§ GIVEN RECORDS
------------------------------------

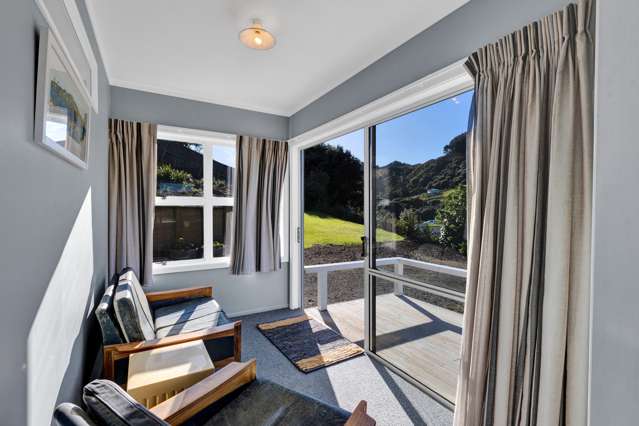 8 Tainui Street Mokau_4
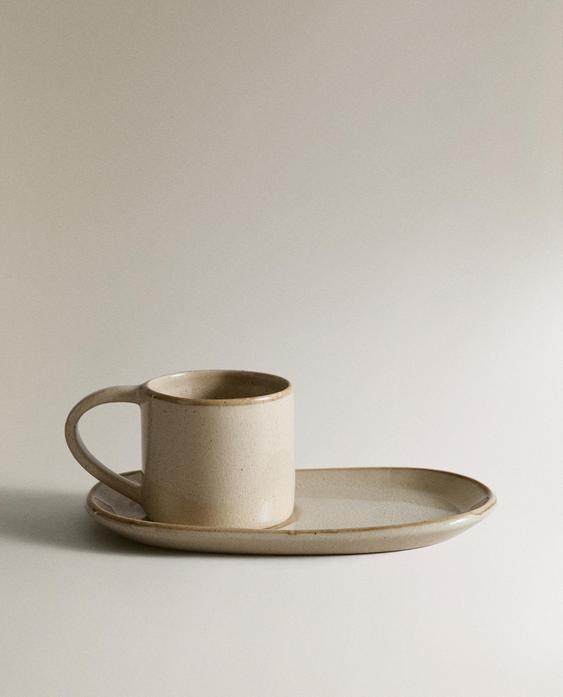 STONEWARE MUG AND TRAY SET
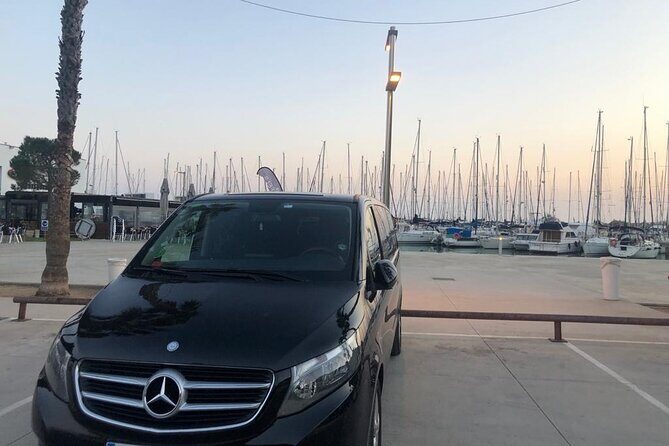 Private Transfer from Barcelona City to the Port (or vice versa) - The Experience in Detail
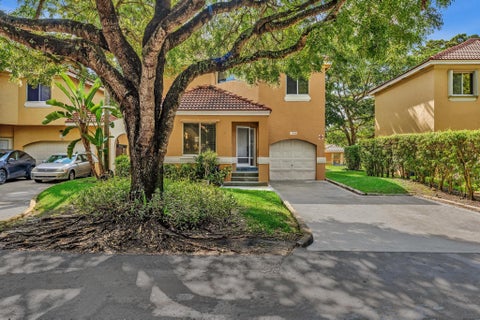 Tiny photo for 11251 Lakeview Drive #21-f, Coral Springs, FL 33071 (MLS # B26045187)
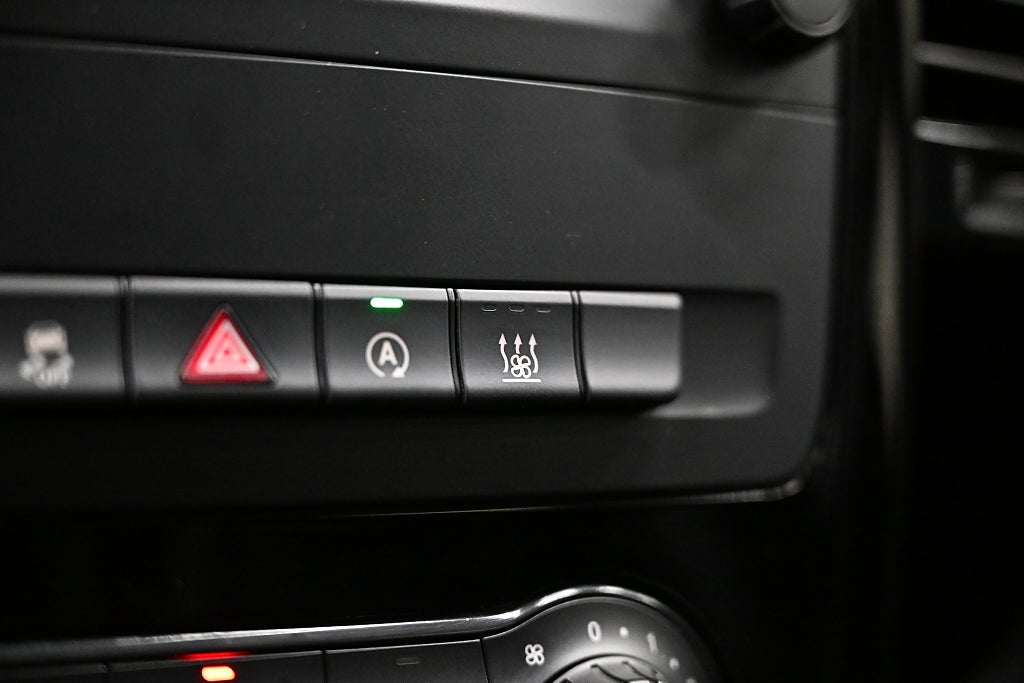 b824bdf7 77e0 8d57 b9c2 000034775237.jpg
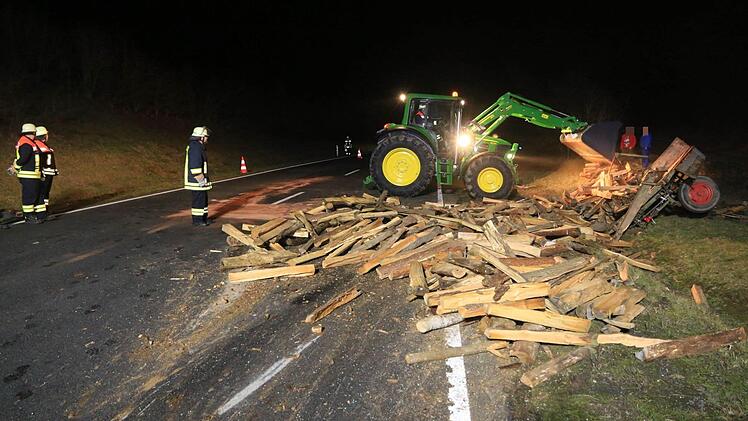 Unfall auf der B279 am Freitagabend bei Reckendorf. Fotos: Ferdinand Merzbach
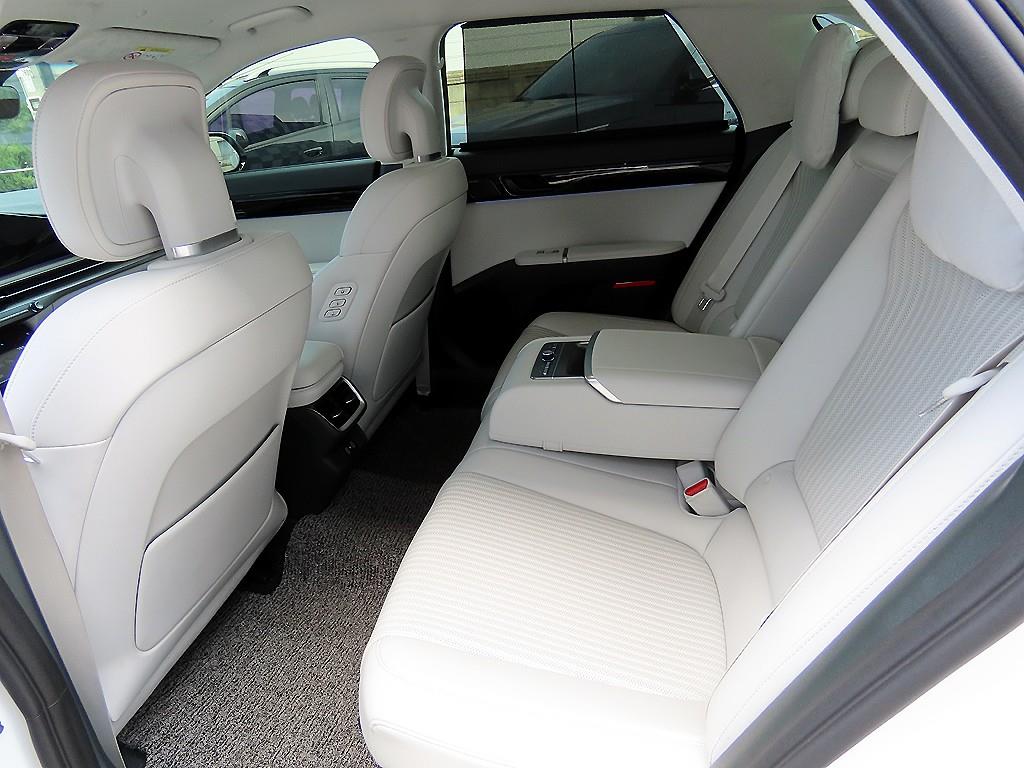 HYUNDAI Grandeur - Vista 6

------------------------------------

§ PROMPT
From the line that contains "Unfall auf der" to the last line of the data above, inclusive, transcribe every line exactly and only those lines, omitting pictures.

§ TASK ANSWER
 Unfall auf der B279 am Freitagabend bei Reckendorf. Fotos: Ferdinand Merzbach
 HYUNDAI Grandeur - Vista 6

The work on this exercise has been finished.